Short text fragments from websites:
* * * * * * * * *
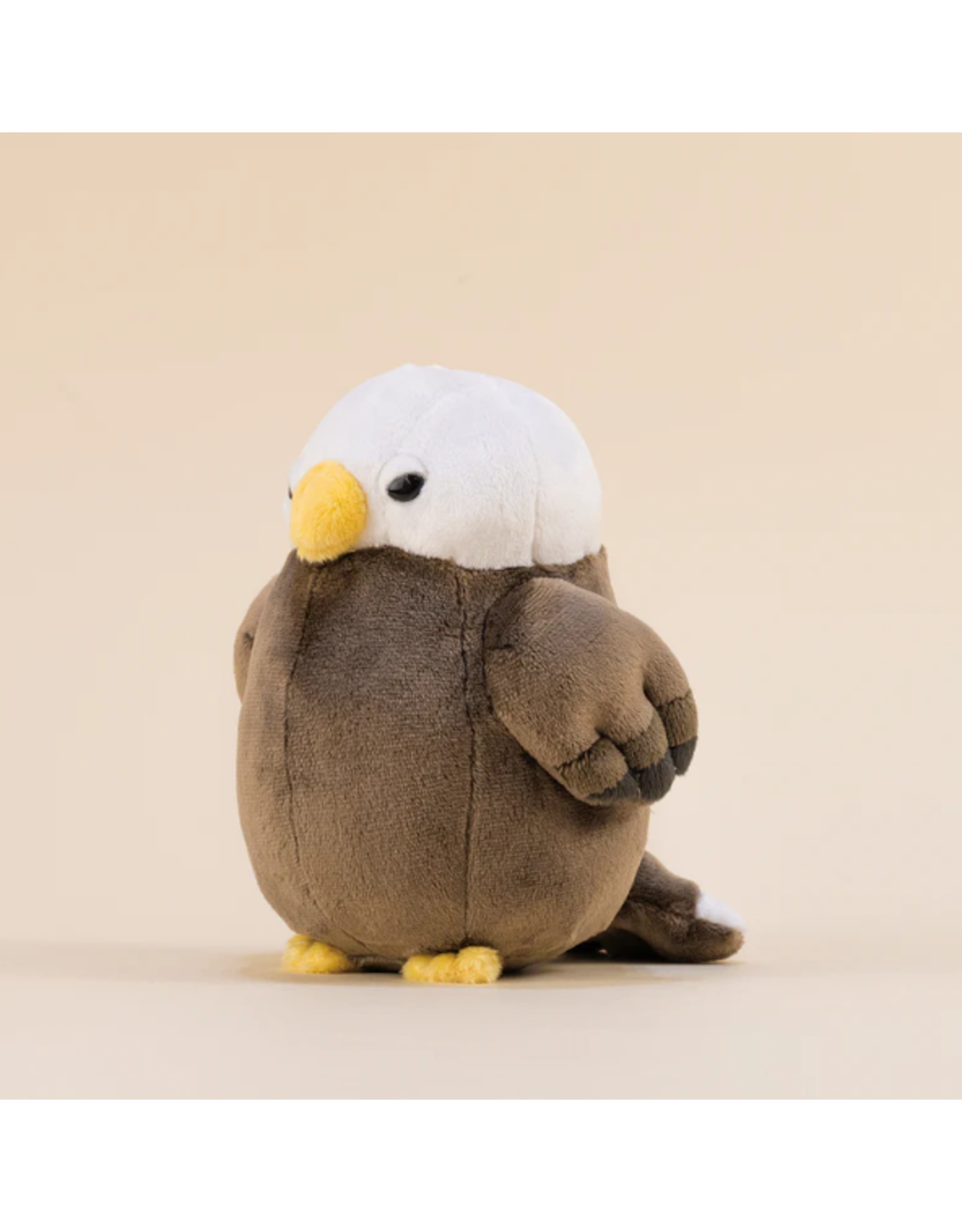 Baldi the Bald Eagle Mini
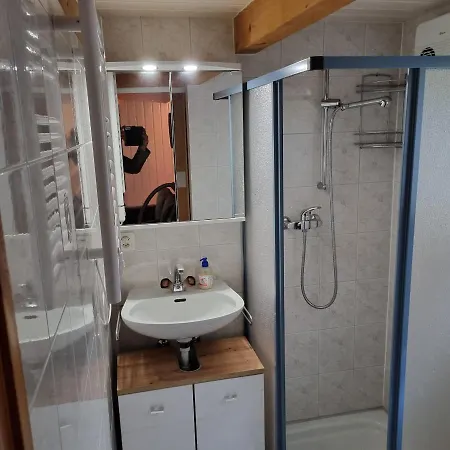 Chalet Le Passage *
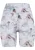 Just Rhyse Leggings  grijs / basaltgrijs / lichtgrijs / rosa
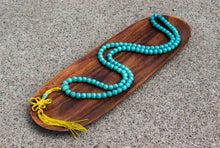 Charger l'image dans la galerie, Meditation Turquoise Mala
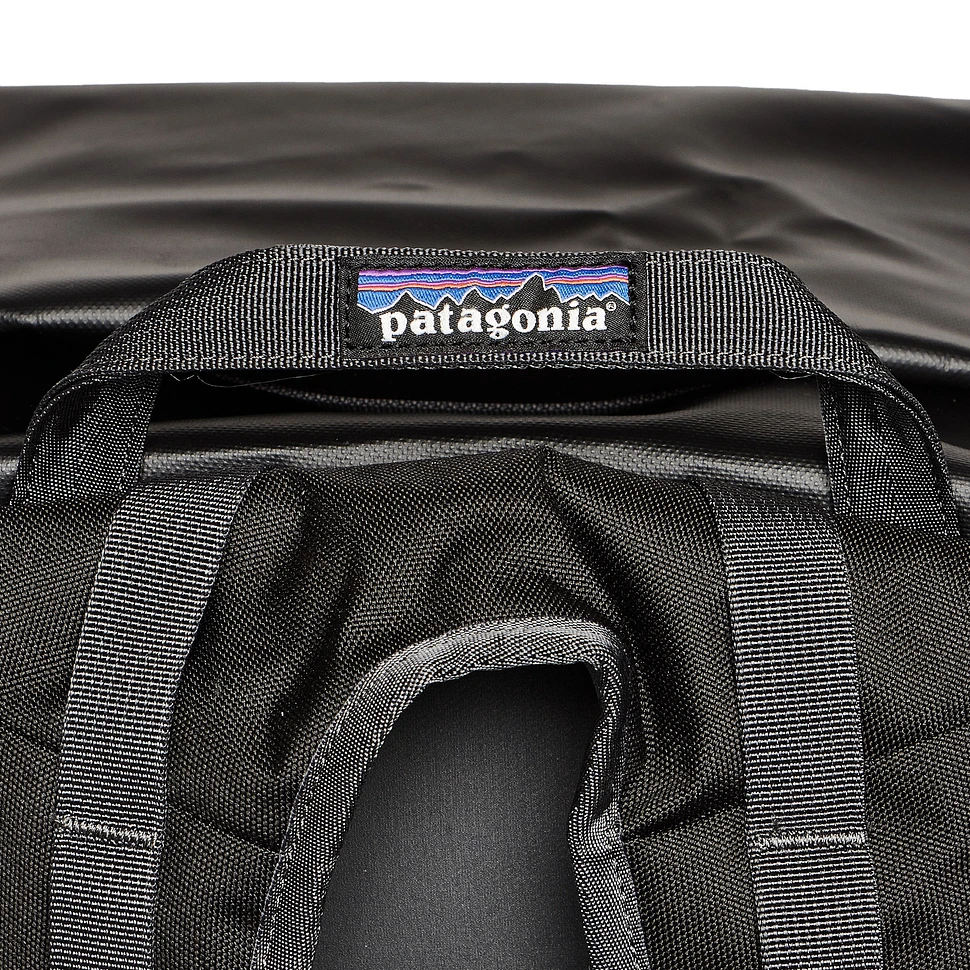 Patagonia - Stormfront Roll Top Pack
* * * * * * * * *
Instructions to follow:
Do not include pictures. Copy only the lines running from the line with "Chalet Le Passage *" through the last line of the records, exactly as they appear.

Response area:
 Chalet Le Passage *
 Just Rhyse Leggings  grijs / basaltgrijs / lichtgrijs / rosa
 Charger l'image dans la galerie, Meditation Turquoise Mala
 Patagonia - Stormfront Roll Top Pack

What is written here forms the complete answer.